▶ _Work task_: What is needed is an exact copy of every entry, without the pictures.

(Brief descriptive captions)
------------------------------------------------------------------------
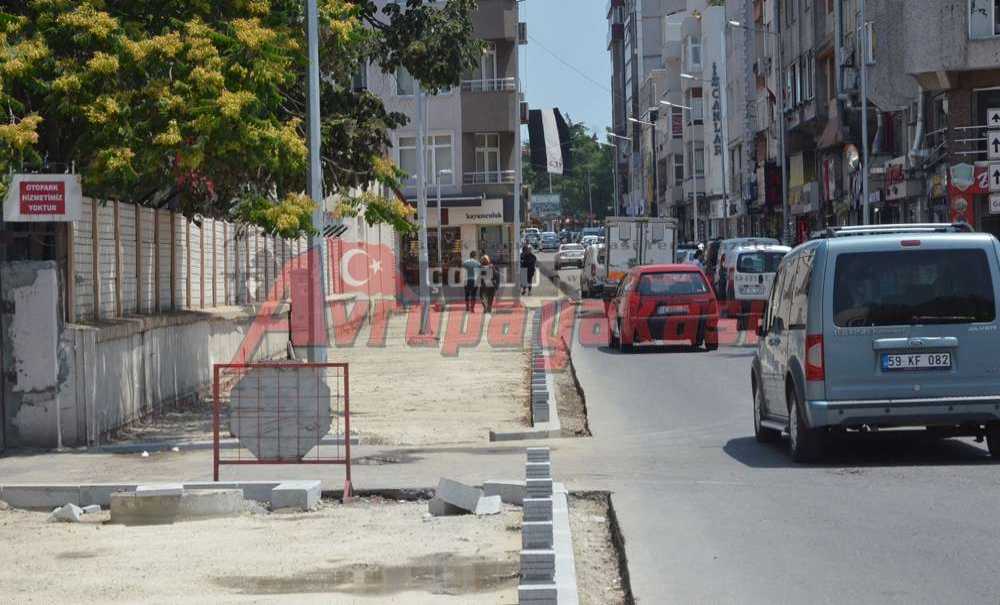 Çorlu Belediyesi Tatili Uzattı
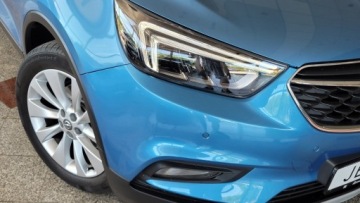 Opel Mokka I SUV 1.4 Turbo ECOTEC 140KM 2017 Opel Mokka X MOKKA Navi 1 wlasciciel 1.4T 140KM MOZLIWA ZAMIANA 1.4, zdjęcie 4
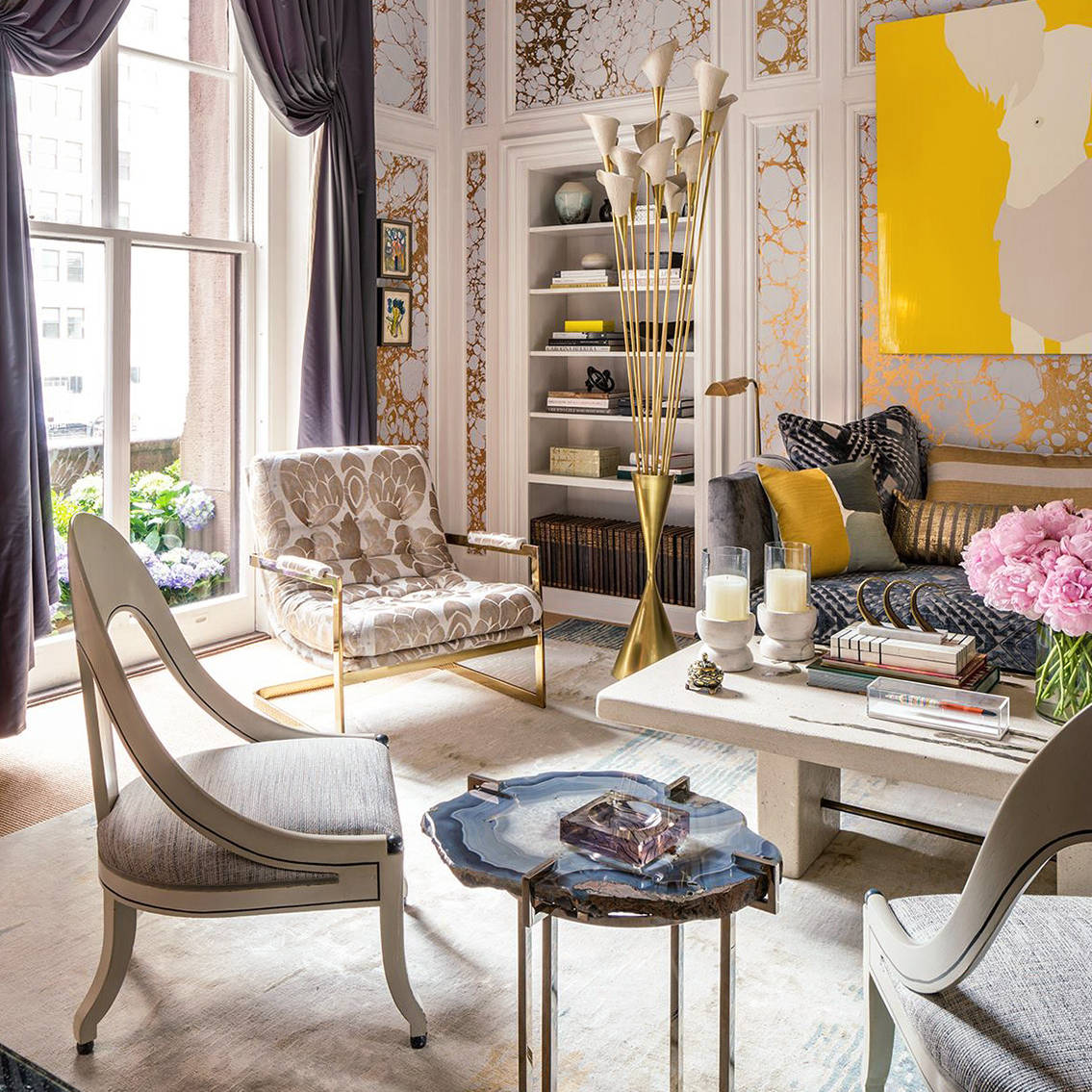 Charme 1921 complementi d'arredo anni '40 e '50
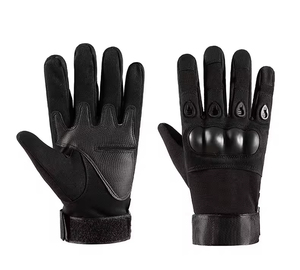 Gants tactiques de sport d'extérieur, compatibles écran tactile, avec protection rigide des articulations, pour cyclisme, pêche, chasse et entraînement - Product Image 1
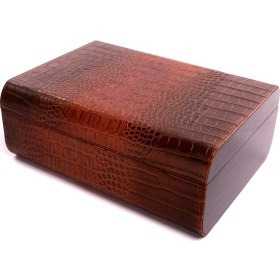 Resim Hauser Kahve Humidor 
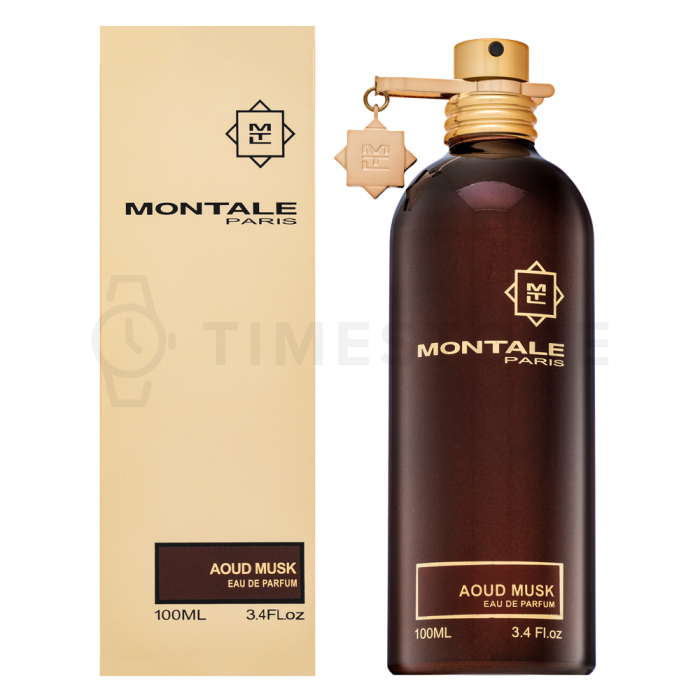 Montale Aoud Musk parfémovaná voda unisex 100 ml
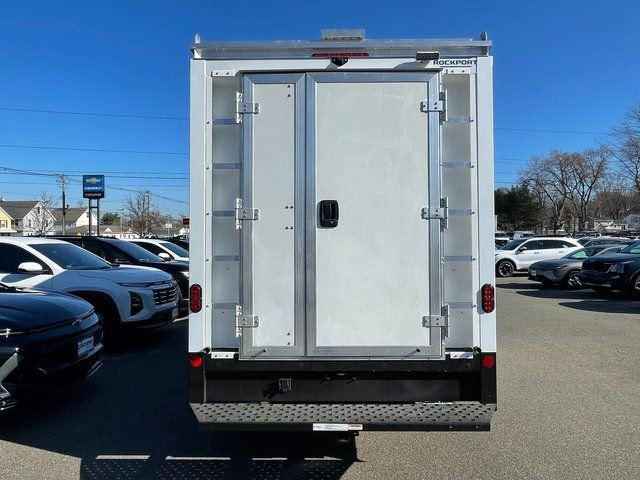 New 2025 Chevrolet Express 3500 w/ Power Convenience Package RWD image 6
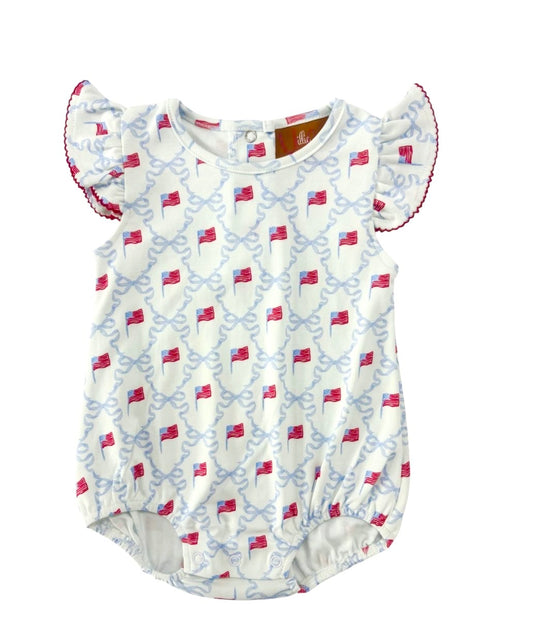 Americana Bows Bubble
------------------------------------------------------------------------
▶ _Answer to this problem_:
 Çorlu Belediyesi Tatili Uzattı
 Opel Mokka I SUV 1.4 Turbo ECOTEC 140KM 2017 Opel Mokka X MOKKA Navi 1 wlasciciel 1.4T 140KM MOZLIWA ZAMIANA 1.4, zdjęcie 4
 Charme 1921 complementi d'arredo anni '40 e '50
 Gants tactiques de sport d'extérieur, compatibles écran tactile, avec protection rigide des articulations, pour cyclisme, pêche, chasse et entraînement - Product Image 1
 Resim Hauser Kahve Humidor 
 Montale Aoud Musk parfémovaná voda unisex 100 ml
 New 2025 Chevrolet Express 3500 w/ Power Convenience Package RWD image 6
 Americana Bows Bubble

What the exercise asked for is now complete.